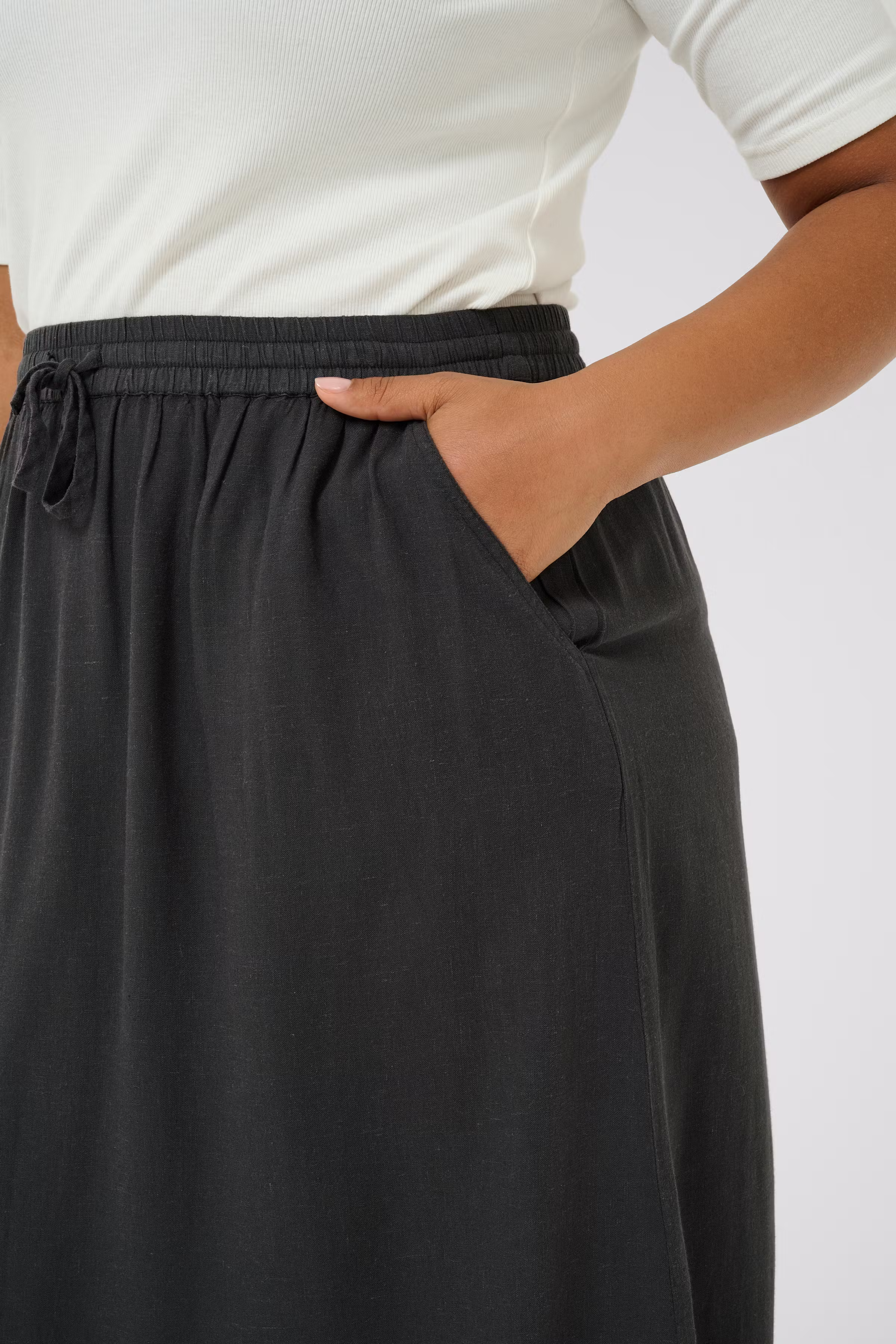 KCmille Linen Skirt LOOKBOOK DETAIL 10583100-190205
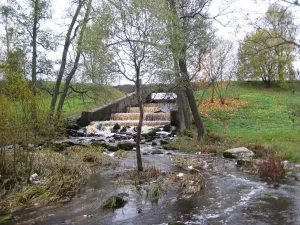 Водосброс Красного пруда со сбросной трубой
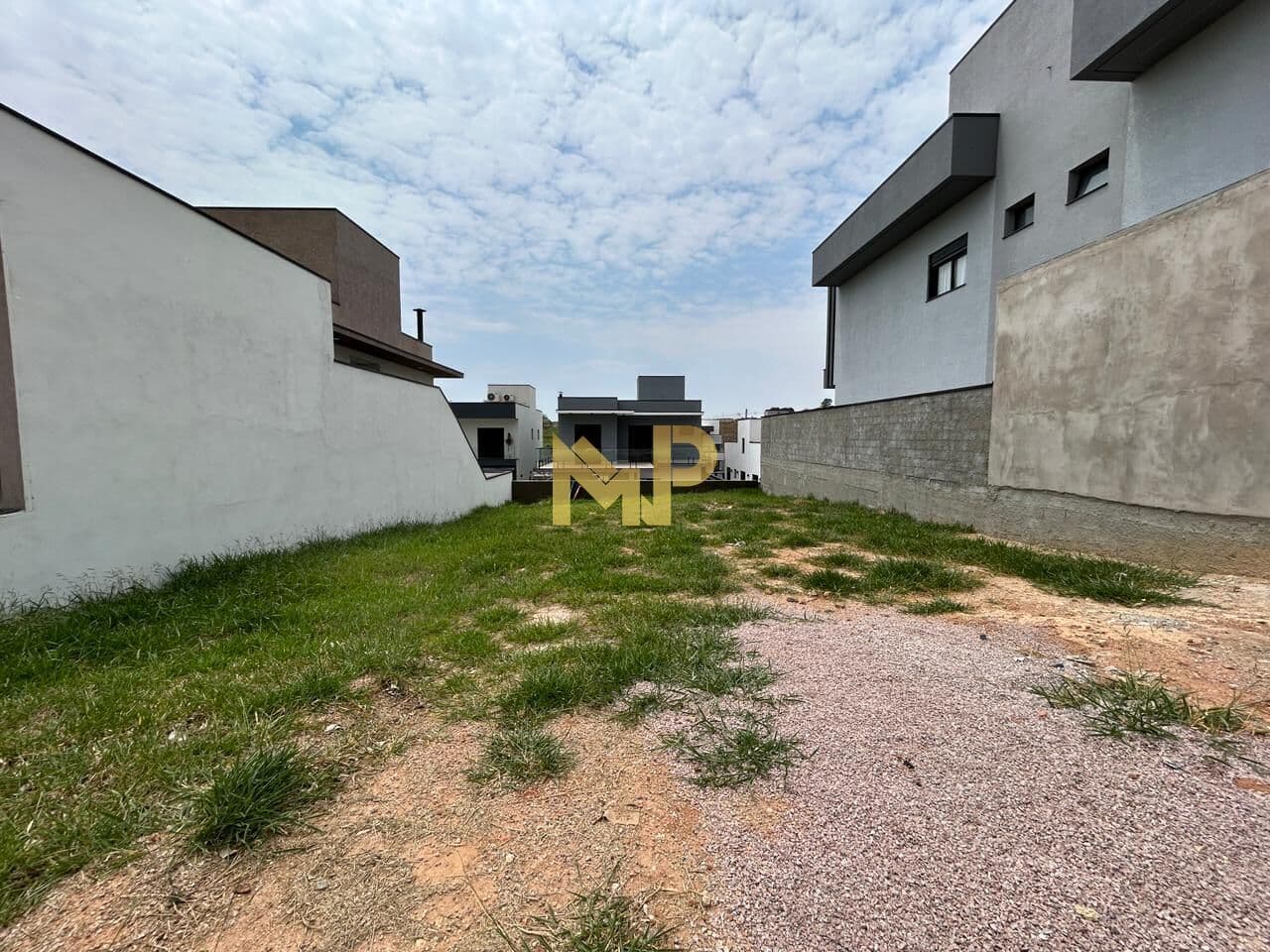 Terreno à venda no condomínio Gran Ville São Venâncio/ Itupeva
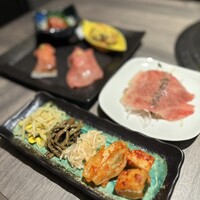 近江うし焼肉 にくTATSU 日本橋室町店 - キムチとナムルの5種盛合わせ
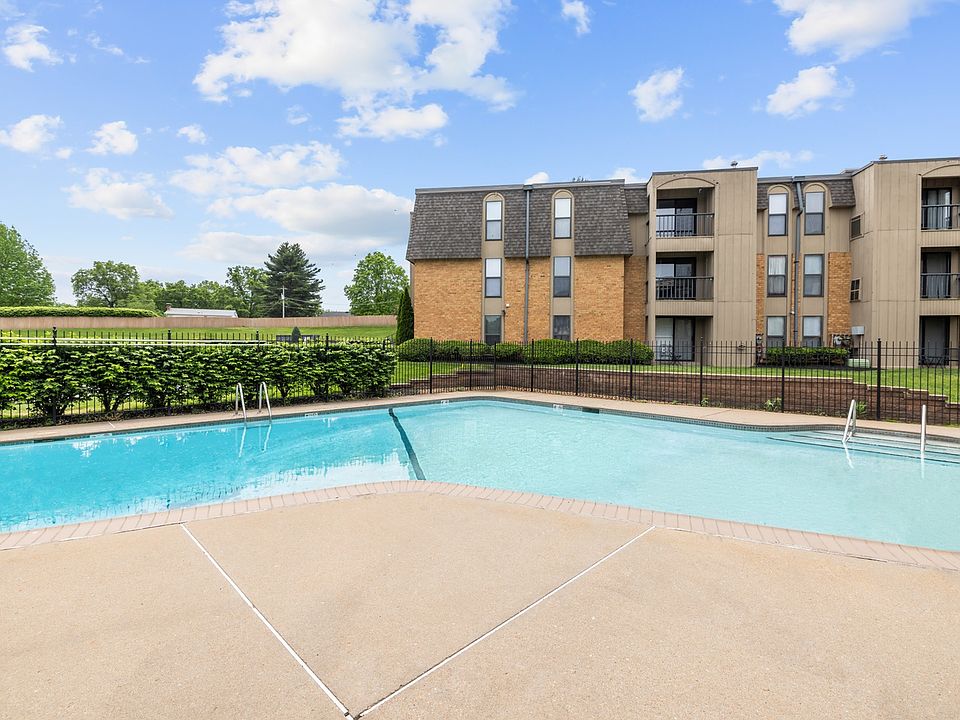 Chesterfield Place Apartments Swimming Pool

EXERCISE: Please restate, word for word, the lines from the one with "近江うし焼肉 にくTATSU 日本橋室町店 - キムチとナムルの5種盛合わせ" through the final line of the material, both included, and omit the pictures.

YOUR RESPONSE:
 近江うし焼肉 にくTATSU 日本橋室町店 - キムチとナムルの5種盛合わせ
 Chesterfield Place Apartments Swimming Pool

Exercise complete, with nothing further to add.